__Problem to work on__:
The lines to repeat are those below from the one containing "Steam Vintage 4" down to the one containing "Liu Jo Crinkle Velvet Pants", both included; reproduce them exactly and nothing else.

__Extracted records__:
===

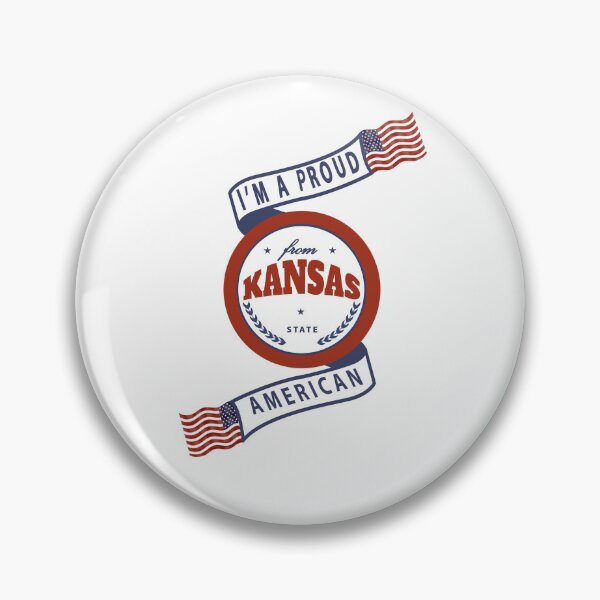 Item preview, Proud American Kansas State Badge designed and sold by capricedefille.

===

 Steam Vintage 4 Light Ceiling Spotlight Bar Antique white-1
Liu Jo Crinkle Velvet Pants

===

__Task solution__:
 Steam Vintage 4 Light Ceiling Spotlight Bar Antique white-1
Liu Jo Crinkle Velvet Pants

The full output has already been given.